When I first studied in the UK, I bought some Cadbury drinking chocolate powder. I was indignant that it required mixing with milk, as that meant spending more money. But when I complied with the carton’s demands, it was well worth it. This remains a favourite of mine, or I can use our Hotel Chocolat Velvetiser to make creamy mugs of salted caramel clementine, or black forest hot chocolate.

Hot chocolate is all around us, even if it really doesn’t fit in the song Richard Curtis likes so much. These days, it feels a tad doubtful love is all around us, and while Christmas will soon be all around also, I’m resolved to maximise the cosy hot chocolate moments by having some variety of it every day until Christmas. Probably during the brief time off following it, too.

Changing Speed

So I’m taking on a hot chocolate challenge. One of my work buddies is completing a challenge where she does 100 squats every day this month. My husband has grown a Movember moustache with a 1980s, Ned Flanders curvature. Me, I’m going to drink hot chocolate on a daily basis. Life is fairly challenging anyway, for all of us.

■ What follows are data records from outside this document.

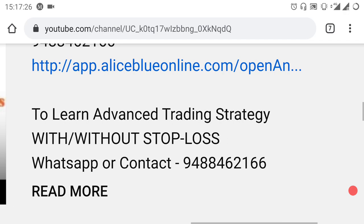If you look at the details or the trading account, you need to contact us via the link or the number. If you want to see the same videos, subscribe to the channel and hit the ring bell. See you in the next video. Thank you.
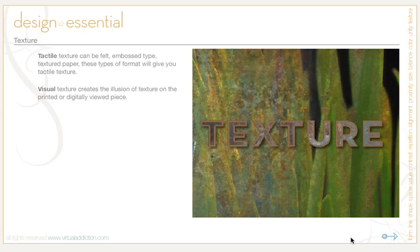These types of formats will give you some sort of tactile texture. You also have visual texture, which creates the illusion of texture on a printed or digitally viewed piece. Often backgrounds appear with a rough or textured look.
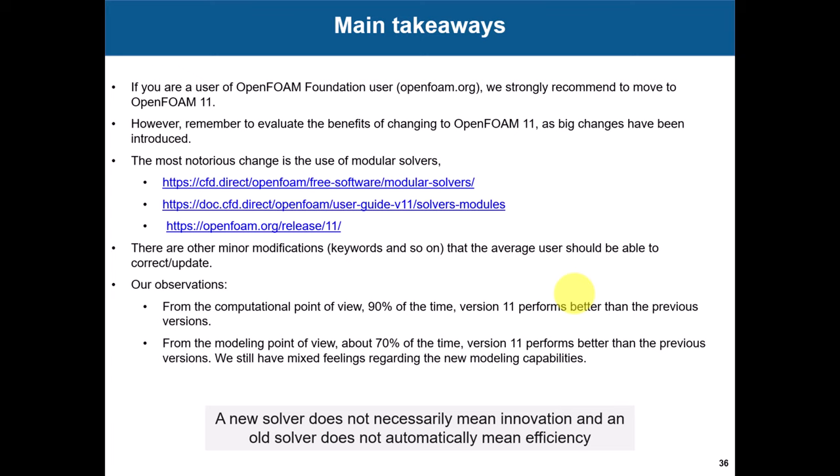Our observations in order: from the computational point of view, I have to say that 90% of the time version 11 performs better than the previous version. This is based on our benchmark. We have a validation database and we are measuring time and so on, and we have seen that.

From the aforementioned hilly hike

A couple months ago, I started on the 100 Days of Writing Challenge. I wanted to see if, while between projects, I could write bits of fiction with the same degree of regularity I wrote my daily scribbles. I really enjoyed it, but grew exhausted with the end of the first term at school, and the disheartening election. I still haven’t figured out what you write when the world looks so wrong.

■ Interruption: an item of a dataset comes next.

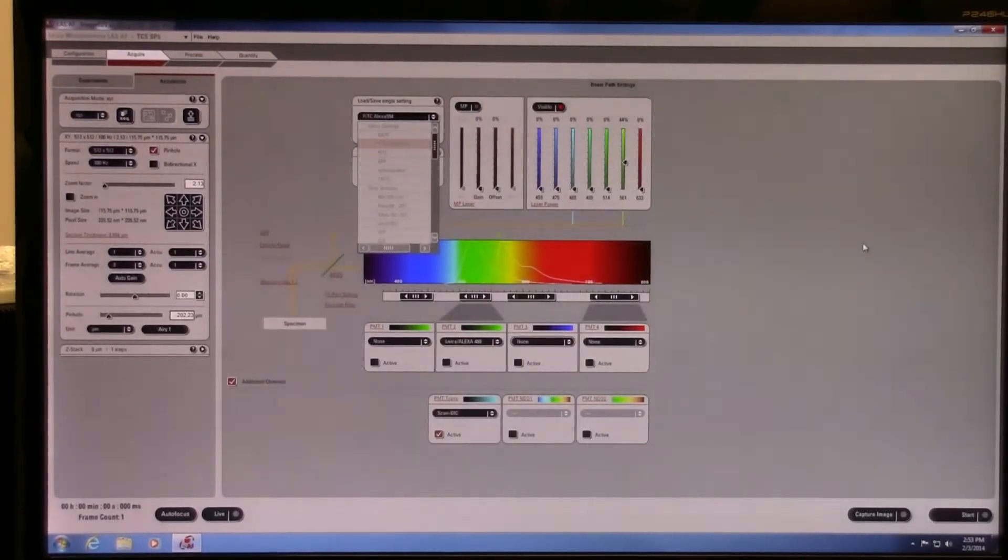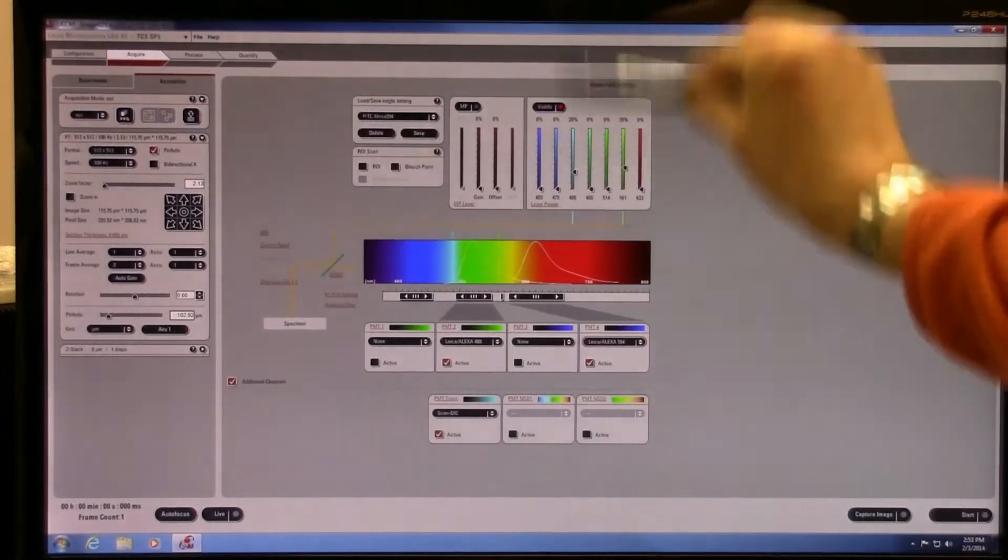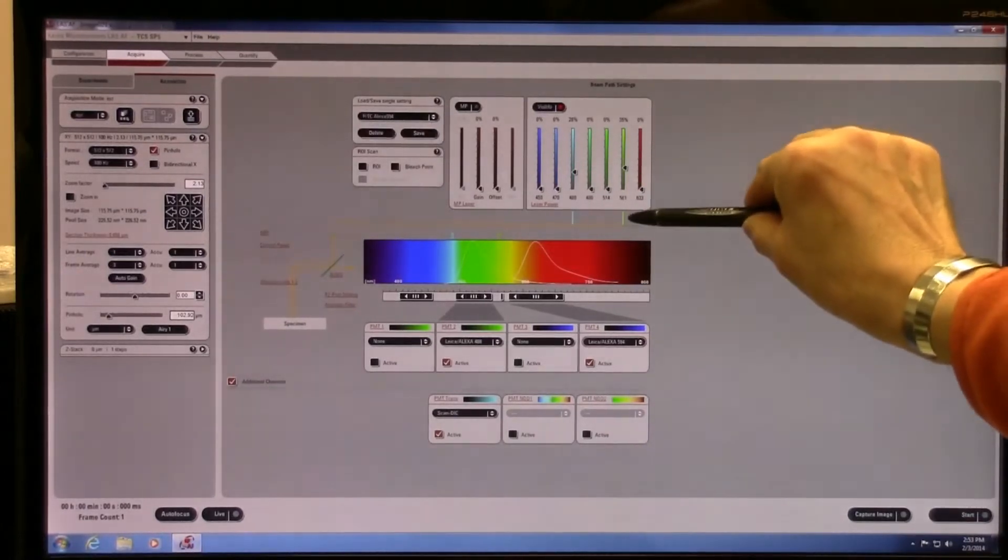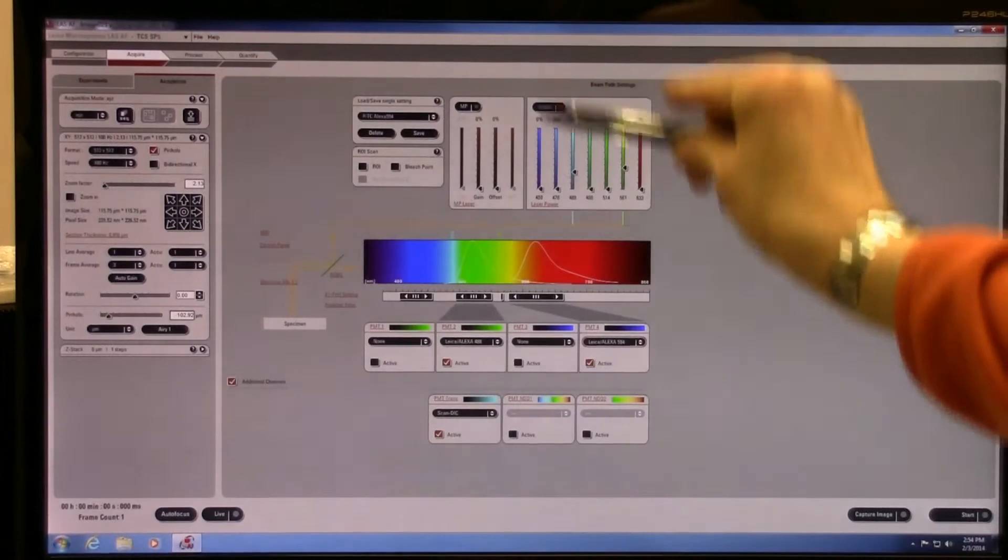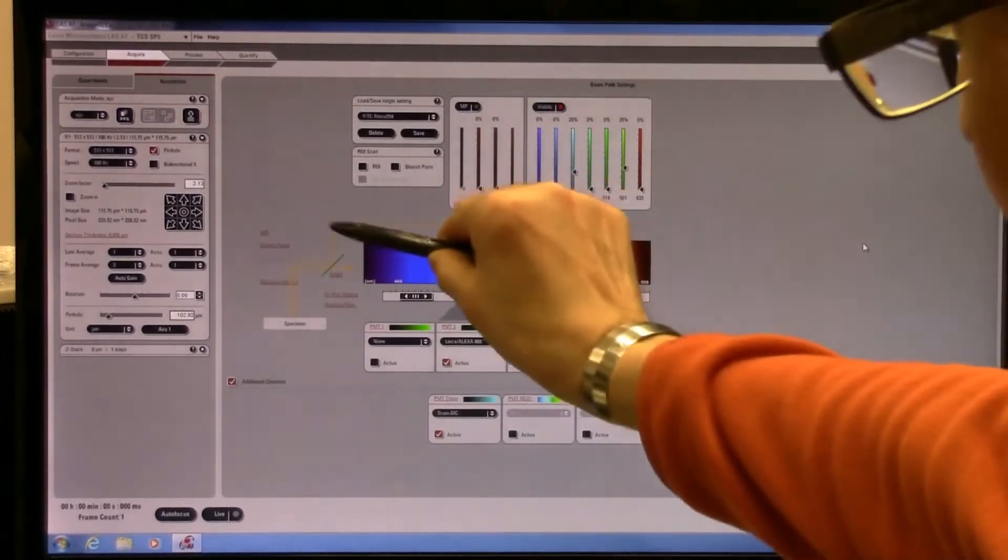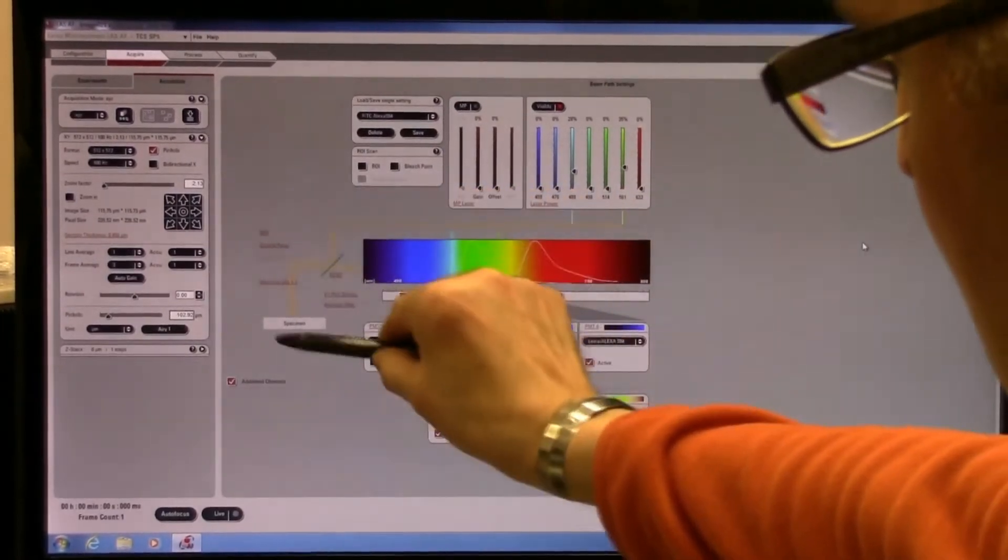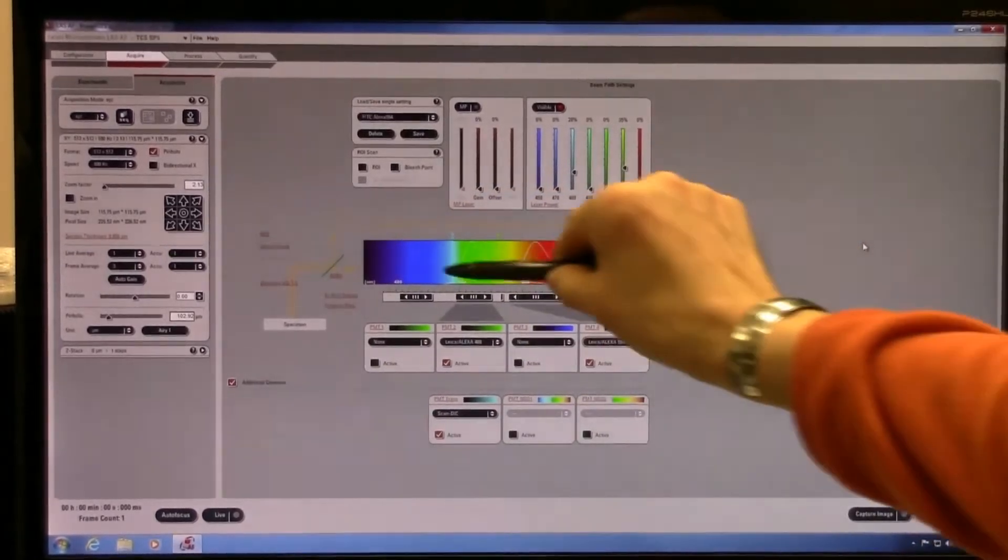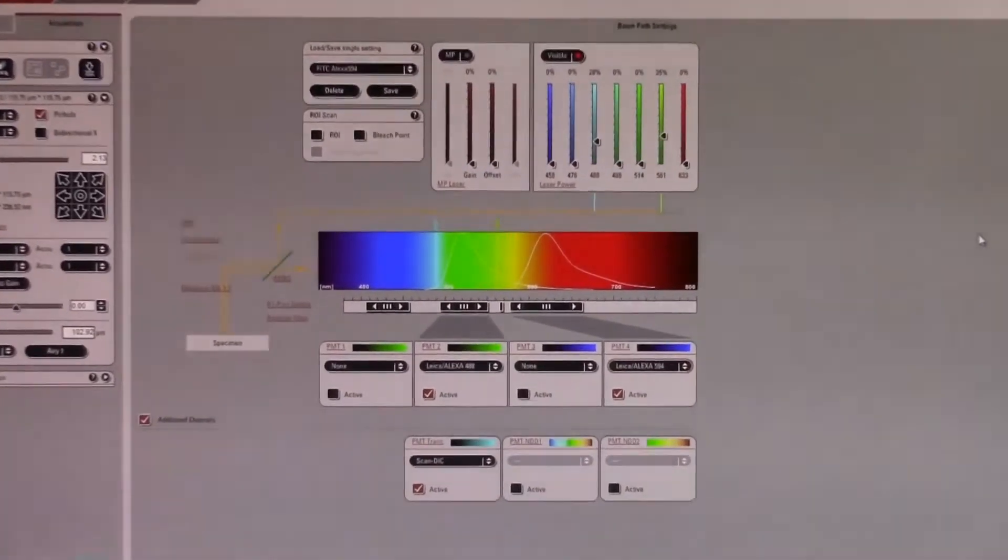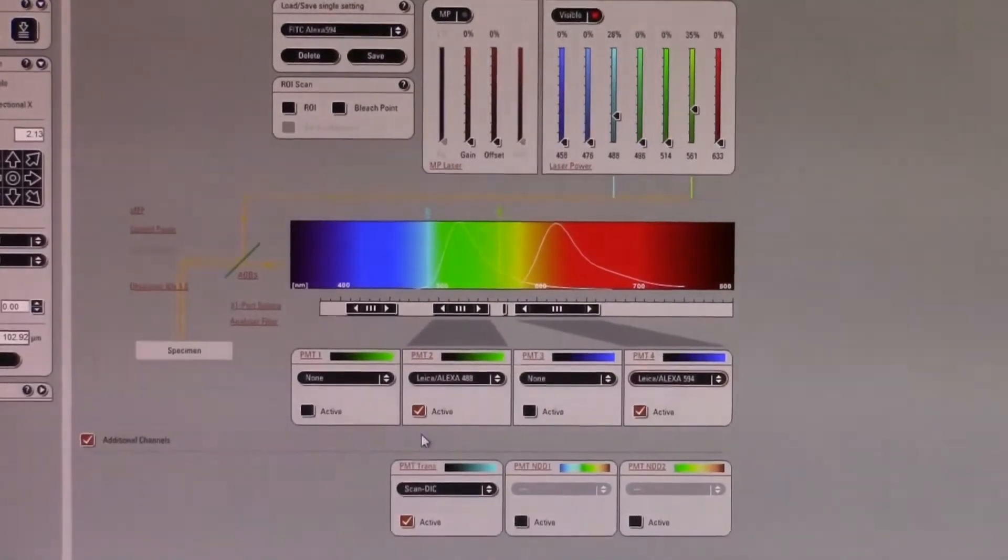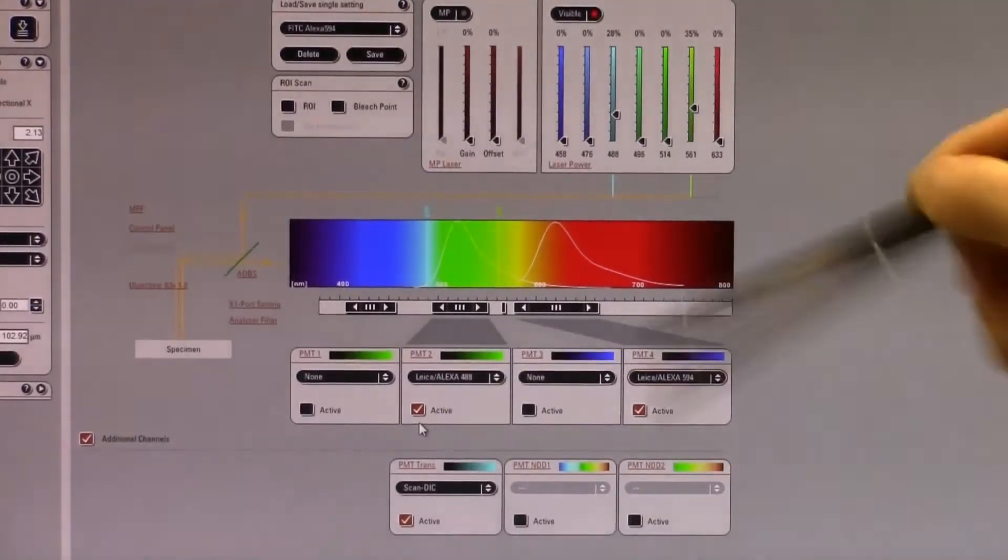What you're going to see now is that two lasers are being turned on: the 561 laser and the 488 laser. These go through the beam path across the AOBS to the specimen, and the fluorescent light is now going to be gated to two photon multiplier tubes. There's going to be two active PMTs.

Fiction is surely the answer long-term, and I’m still making up figments, but other things occupy my head. Hot chocolate is the answer at the time being. It’s also a way of re-embracing where I am. I can’t move back to the US to be with my family now. I must maintain a safe place here in the UK in case they need to come here. Therefore, let the Cadbury and Hotel Chocolat flow.

Tips and Exceptions

I’m taking this challenge seriously, but allowing flexibility, should anyone else choose to partake. On Friday nights, one might substitute another nice drink, like a Snowball with fizzy lemonade and Avocaat. Middle of a busy week when your throat is tired from repeating yourself time and again to Year 10s, perhaps some Ben and Jerry’s.

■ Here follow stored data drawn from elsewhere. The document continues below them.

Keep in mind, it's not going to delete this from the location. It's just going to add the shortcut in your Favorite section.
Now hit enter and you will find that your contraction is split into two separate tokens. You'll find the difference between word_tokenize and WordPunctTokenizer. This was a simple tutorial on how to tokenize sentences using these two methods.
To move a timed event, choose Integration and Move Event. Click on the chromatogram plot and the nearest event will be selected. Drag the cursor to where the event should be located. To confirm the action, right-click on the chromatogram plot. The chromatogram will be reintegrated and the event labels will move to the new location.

If you’d like to join in, you may already be a hot chocolate expert yourself. But here are my tips for the newly initiated.

Definitely time for hot chocolate.

Toppings: Marshmallows are good, of course. I’m not a fan of delving through a mountain of whipped cream to reach my hot drink, but love marshmallow Fluff, the American spread you can get in jars (a British Amazon vendor sells 4-packs at a decent price). Fluff keeps your hot chocolate really warm and the extra sweetness melts at an ideal pace.

Non-Dairy: When you’re low on milk or if you have one of those awful seasonal colds rendered phlegmier by dairy products, hot cocoa is still a nice treat. Or some of the chai latte mixes you can now get, that mix up with water. I enjoy that sort of thing with a swirl of Hershey’s chocolate syrup over the top (when I can grab some from Lidl).

Non-Dairy part 2: If you only have drinking chocolate that’s supposed to be mixed with milk but don’t have milk, you CAN mix it with hot water, but I recommend adding a pinch of salt. It’s quite sickly just mixing with water.

Generics: I highly recommend Lidl’s special holiday chai mix, the Spiced Plum variety. Also, Tesco’s drinking chocolate mix is a bit cheaper than Cadbury, and has a nice hint of cinnamon.

Booze: Baileys is great, but you can add any other splash of liquor to hot chocolate. I like to put in some Malibu or Amaretto. Cointreau is also good, and Drambuie when you want to counterbalance some of the sweetness.

Do you have any recommendations for me? Bon appetit!